After the warning coming in from MSCI about the exchange decision to stop supplying data to global exchanges, Indian stock exchanges have rushed to assuage the concerns of MSCI. Exchanges have tried to assure MSCI that they will manage an orderly transition but that is certainly not cutting much ice with the likes of MSCI which now wants to downgrade India’s weightage due to access worries. On Feb 09th the exchanges had announced termination of all data feed and licensing arrangements with global bourses to prevent the offshoring of Indian trading volumes to other exchanges.
The Nifty 50 is likely to sport a new from the 2nd of April 2018. Bajaj Finserv, GRASIM and Titan will be the new additions into the Nifty 50 index. Ambuja Cements, Aurobindo and Bosch will be the 3 companies that will move out of the Nifty 50 index. With the inclusion of Bajaj Finserv will take the number of financials in the Nifty to 11 even as it continues to dominate the overall Nifty weightage. In the previous revision on September 29th 2017, the other group company, Bajaj Finance, had been added to the Nifty list along with HPCL and United Phosphorous. The NSE Next 50 index also saw some key changes with the inclusion of two major insurance companies’ viz. SBI Life and GIC into the index. Now Financials continue to dominate the main index as well as the subsidiary index.
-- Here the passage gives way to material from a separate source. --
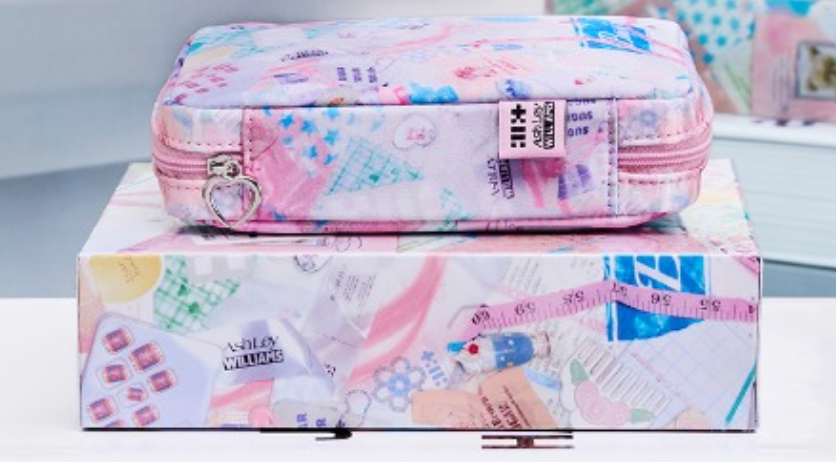 ILLIT 1st Single Albume [NOT CUTE ANYMORE] (ILLIT x Ashley Williams Pouch Ver.) (I HEART ME / COLLAGE)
Nearly 20 months after voting to exit the EU, the UK has admitted that the transition out of the EU may actually take longer than was originally anticipated. The entire process is scheduled to be completed by early next year leaving UK with just 1 year to complete the withdrawal formalities. Theresa May conservatively estimates that the transition may last around 2 years although the EU is willing to wait till the end of 2020 for the completion of the transition. In June 2016, Britain had surprisingly voted in favouring of seceding from the EU.